Most small nonprofits dream of those five- or even six-figure contributions from corporate sponsors. Yet in reality, the vast majority (90 percent) of the billion-plus dollars raised each year from fundraising campaigns stems from individual contributions. Receiving gifts of varying sizes from individuals and maintaining relationships with those individuals form the foundation of successful fundraising. One of your goals, besides raising money, should be building a base of donors for future fundraising efforts. An auction that drew 125 people and generated a modest $4,000 may not seem worth all the hard work that went into the planning and staging. However, you now have 125 names to send thank-you notes to and solicit for your next fundraising venture. If you see to it that they have a good time, they will be the first people to attend next year, and you can throw in entertainment to make their evening even better and draw an additional 125 people!
Fundraising efforts generally grow over time. Whether you are working for a nonprofit group or pulling together community fundraising drives, you will be able to build on your initial efforts through your database. Those attending your June event should receive a direct mail letter in November letting them know about your upcoming March fundraising drive. The small activities that raise funds for a school when your child enters kindergarten may have grown into big fundraisers by the time she is in sixth grade. Keep the ball rolling by maintaining contact with individual contributors, no matter how small their donations may be. Never say, “That person gave only [x amount].” Each little contribution adds up.

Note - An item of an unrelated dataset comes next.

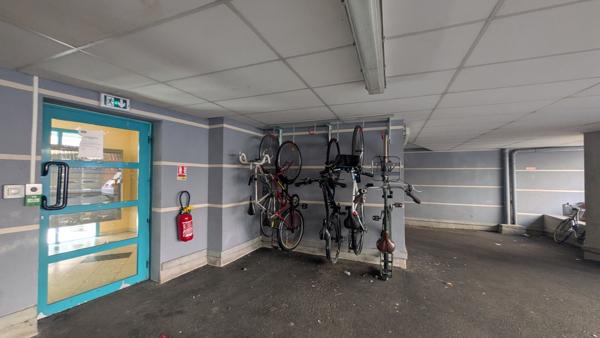 Place Viarme, Nantes hyper centre, Studio de 20 m² avec parking , Nantes Place Viarme, Nantes hyper centre, Studio de 20 m² avec parking , Nantes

It is critical to nurture relationships with existing supporters by letting them know how their efforts are helping your cause. To do so, record the positive aspects of your fundraiser and then spread the good news to your base. This will serve as a major selling point when soliciting people next year.
What causes do households support? A 2007 Center on Philanthropy at Indiana University study found that religious charities top the list. Additional nonprofits that generate support include those providing the basic needs of others, those with combined purposes (such as United Way, which redistributes funds to a variety of recipients), health causes, and relief efforts.
Studies show income plays a big role in how people contribute. While those with high income give more frequently, they tend to give a lower percentage of their incomes than those who are less affluent. At the same time, in tough economic times, contributors often scale down donations when bracing for downsizing and other financial worries.
A study by the Center on Philanthropy at Indiana University found nearly three out of every ten households alternate giving and not giving every year. Because a good percentage of households do not make the same kinds of contributions year-to-year, you'll want to grow your roster of supporters while also maintaining relations with an established base of supporters.